*** Dataset records ***

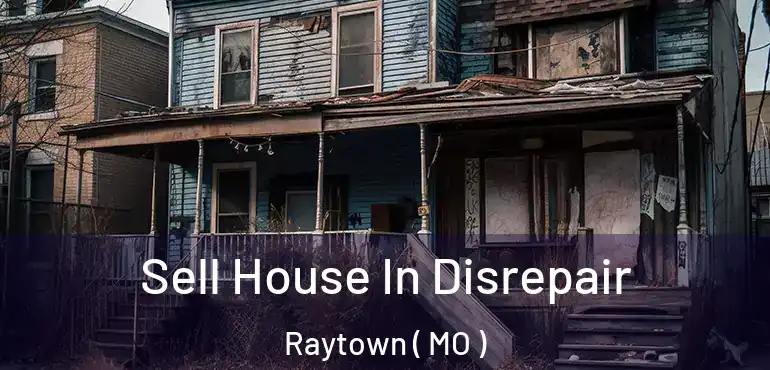  Sell House In Disrepair Raytown ( MO )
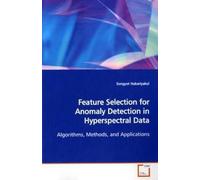 Feature Selection For Anomaly Detection In Hyperspectral Data: Algorithms, Methods, And Applications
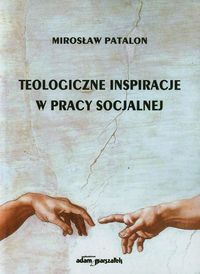 Teologiczne inspiracje w pracy socjalnej - Patalon Mirosław - książka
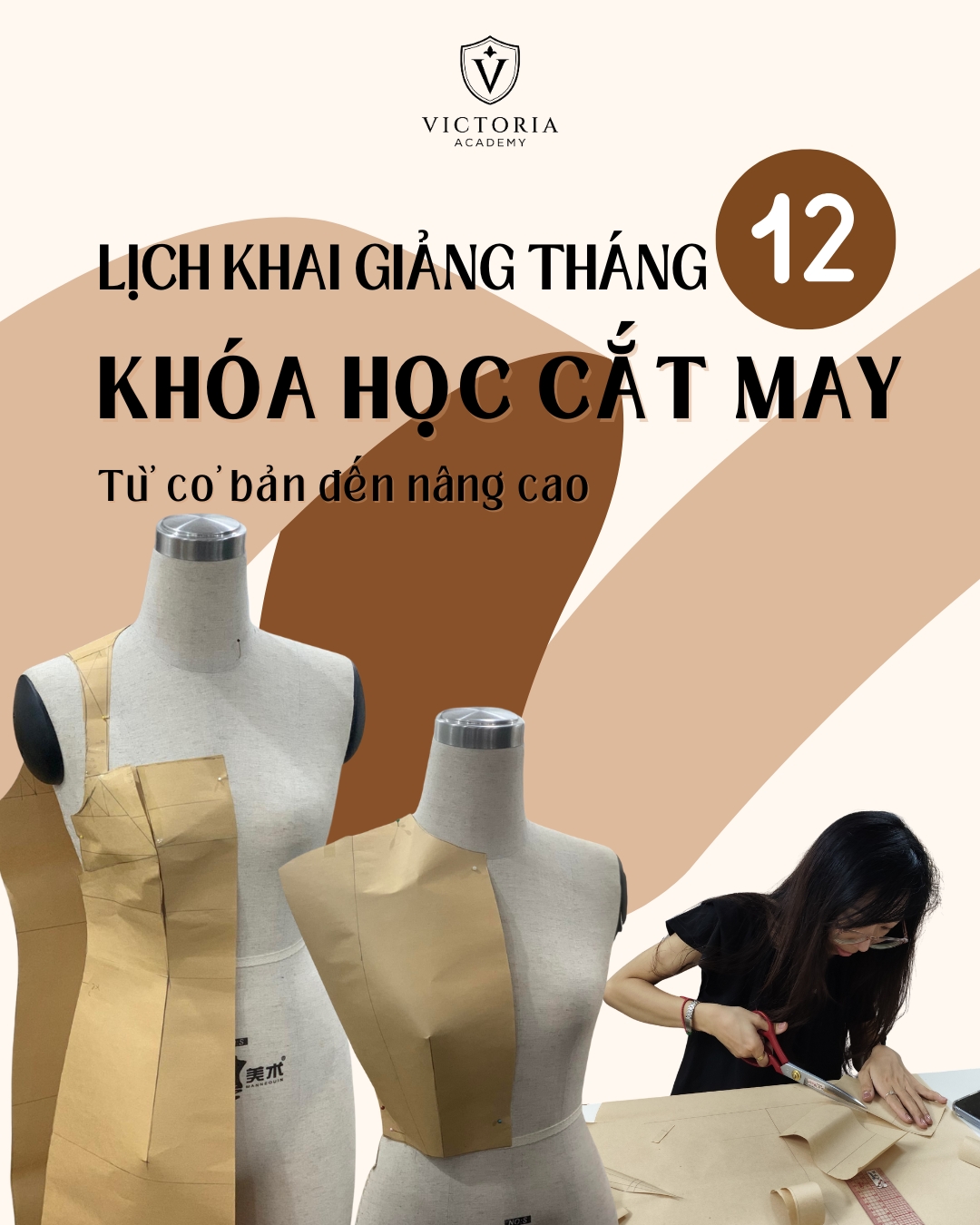 Khai Giảng Khóa Học Cắt May Tháng 12 Tại Học Viện Thời Trang Victoria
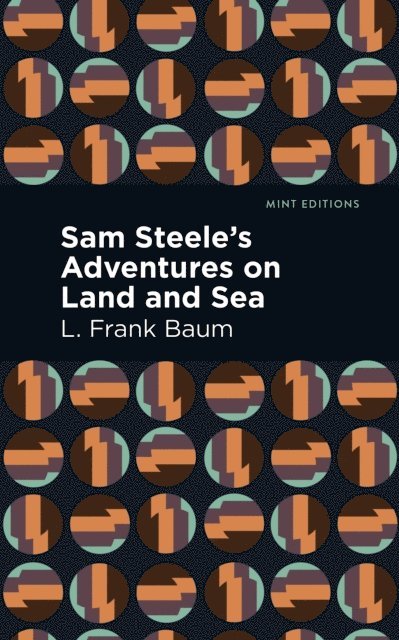 L. Frank Baum - Sam Steele's Adventures on Land and Sea, E-bok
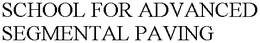 SCHOOL FOR ADVANCED SEGMENTAL PAVING trademark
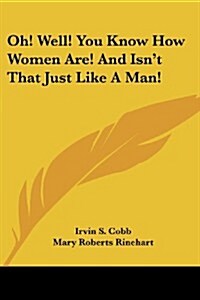 Oh! Well! You Know How Women Are! and Isnt That Just Like a Man! (Paperback)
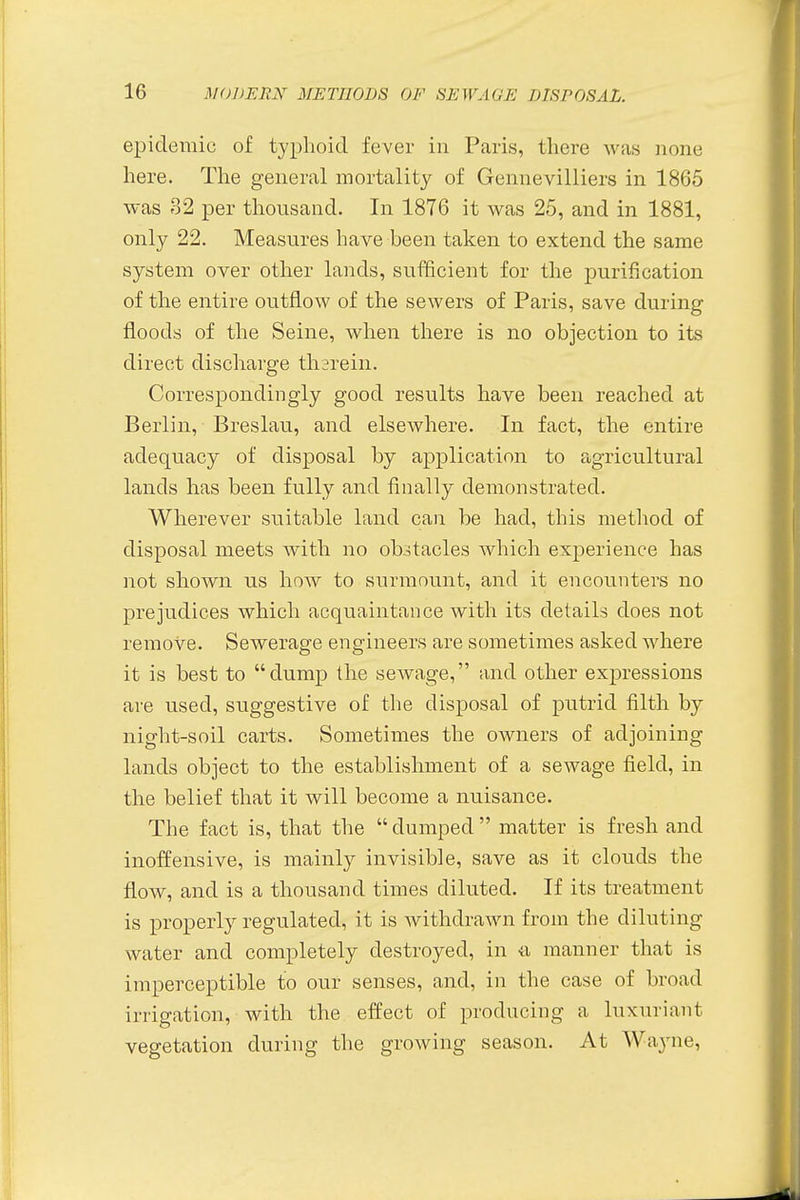 epidemic of typhoid fever in Paris, there was none here. The general mortality of Gennevilliers in 1865 was 32 per thousand. In 1876 it was 25, and in 1881, only 22. Measures have been taken to extend the same system over other lands, sufficient for the purification of the entire outflow of the sewers of Paris, save during floods of the Seine, when there is no objection to its direct discharge therein. Correspondingly good results have been reached at Berlin, Breslau, and elsewhere. In fact, the entire adequacy of disposal by application to agricultural lands has been fully and finally demonstrated. Wherever suitable land can be had, this method of disposal meets with no obstacles which experience has not shown us how to surmount, and it encounters no prejudices which acquaintance with its details does not remove. Sewerage engineers are sometimes asked where it is best to dump the sewage, and other expressions are used, suggestive of the disposal of putrid filth by night-soil carts. Sometimes the owners of adjoining lands object to the establishment of a sewage field, in the belief that it will become a nuisance. The fact is, that the dumped matter is fresh and inoffensive, is mainly invisible, save as it clouds the flow, and is a thousand times diluted. If its treatment is properly regulated, it is withdrawn from the diluting water and completely destroyed, in a manner that is imperceptible to our senses, and, in the case of broad irrigation, with the effect of producing a luxuriant vegetation during the growing season. At Wayne,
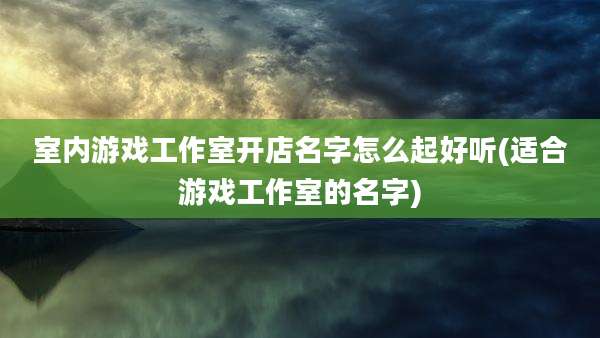 室内游戏工作室开店名字怎么起好听(适合游戏工作室的名字)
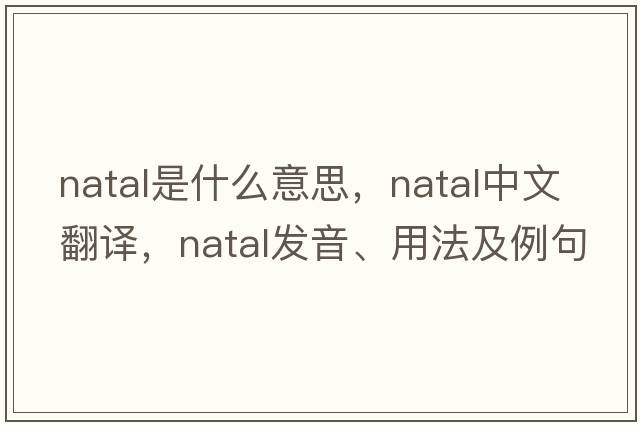 natal是什么意思，natal中文翻譯，natal發(fā)音、用法及例句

*** End of Dataset records ***

**What to work on**.
Without any pictures, output exactly the lines from the start of the material through the line that contains "Teologiczne inspiracje w", and only those.

**Task response**.
  Sell House In Disrepair Raytown ( MO )
 Feature Selection For Anomaly Detection In Hyperspectral Data: Algorithms, Methods, And Applications
 Teologiczne inspiracje w pracy socjalnej - Patalon Mirosław - książka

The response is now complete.